Excitation and Imaging of Resonant Optical Modes of Au Triangular Nano-Antennas Using Cathodoluminescence Spectroscopy

TL;DR

This paper uses cathodoluminescence spectroscopy to analyze and visualize the resonant optical modes of gold triangular nanoantennas, revealing how substrate index and excitation methods influence plasmonic behavior.

Contribution

It introduces a high-resolution CL spectroscopy approach combined with specific nanoantenna designs to better understand and excite various plasmonic modes, validated by simulations.

Findings

Efficient excitation of antenna modes using low index substrates.

High-contrast tip illumination of out-of-plane dipole modes.

Excellent agreement between experimental results and simulations.

Abstract

Cathodoluminescence (CL) imaging spectroscopy is an important technique to understand resonant behavior of optical nanoantennas.

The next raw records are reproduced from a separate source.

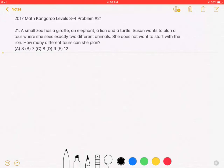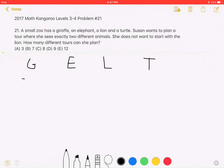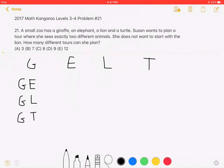I want to organize the choices to make sure I count each choice once and only once. G will stand for giraffe, E will stand for elephant, L for lion, and T for turtle. For G, we can have G-E, G-L, G-T. Those three choices are for when she visits the giraffe first.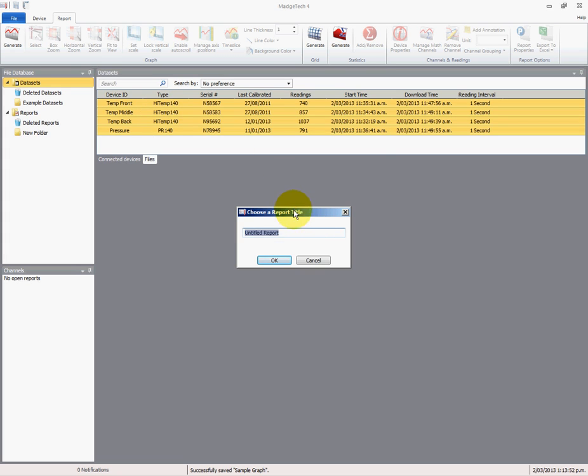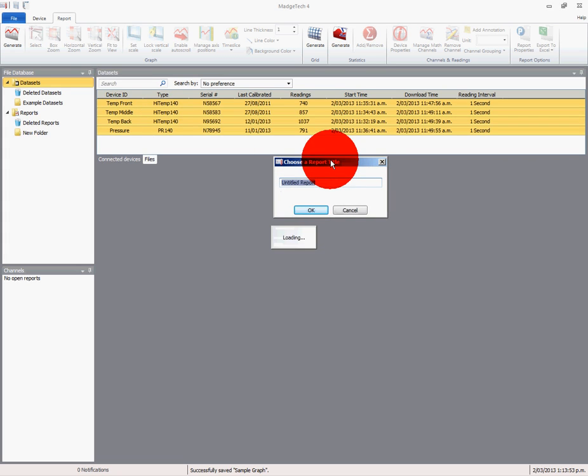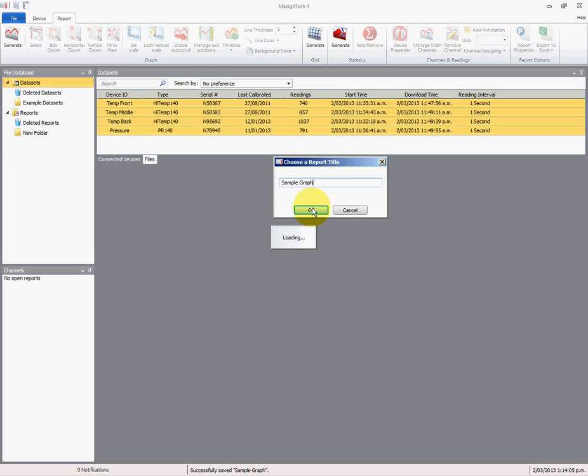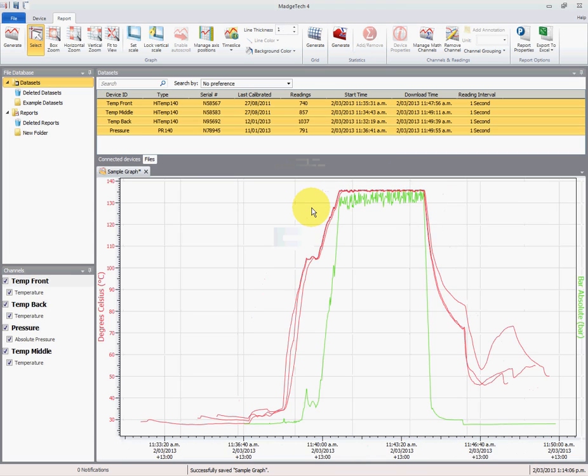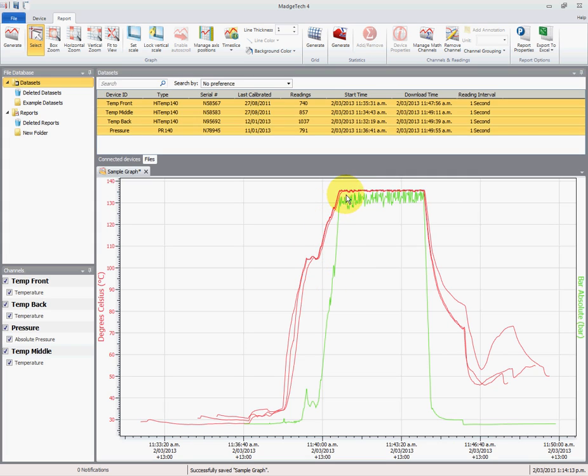I've got it set so that it prompts me to put a report title every time I open a report. This is a setting I'll show you later on. So I'll just call it sample graph and select OK, and it's going to bring it in. I've got some defaults set up that when it brings the temperature channel in, the color is red, and when we bring a pressure channel in, the color is green.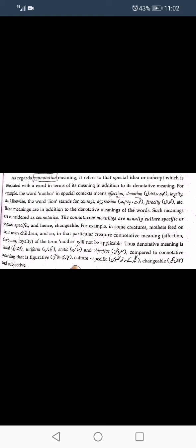Denotation refers directly to the concept for which a word literally stands — the literal meaning. For example, 'mother' literally refers to a woman who has a child. Connotation is the implied or symbolic meaning — so 'mother' connotatively refers to affection, devotion, loyalty, and love.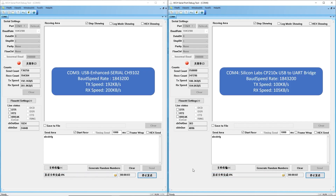Look at this test result at the same port speed rate of 1,843,200. The CH9102 has 192 kilobytes per second TX speed and 200 KB per second RX speed. The CP2104 has 100 KB per second TX speed and 105 KB per second RX speed.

We report high-resolution CL spectroscopy of triangular gold nanoantennas designed with near-vacuum effective index and very small metal-substrate interface. This design helped in addressing issues related to background luminescence and shifting of dipole modes beyond visible spectrum. Spatial and spectral investigations of various plasmonic modes are reported. Out-of-plane dipole modes excited with vertically illuminated electron beam showed high-contrast tip illumination in panchromatic imaging. By tilting the nanostructures during fabrication, in-plane dipole modes of antennas were excited. Finite-difference time-domain simulations for electron and optical excitations of different modes showed excellent agreement with experimental results. Our approach of efficiently exciting antenna modes by using low index substrates is confirmed both with experiments and numerical simulations. This should provide further insights into better understanding of optical antennas for various applications.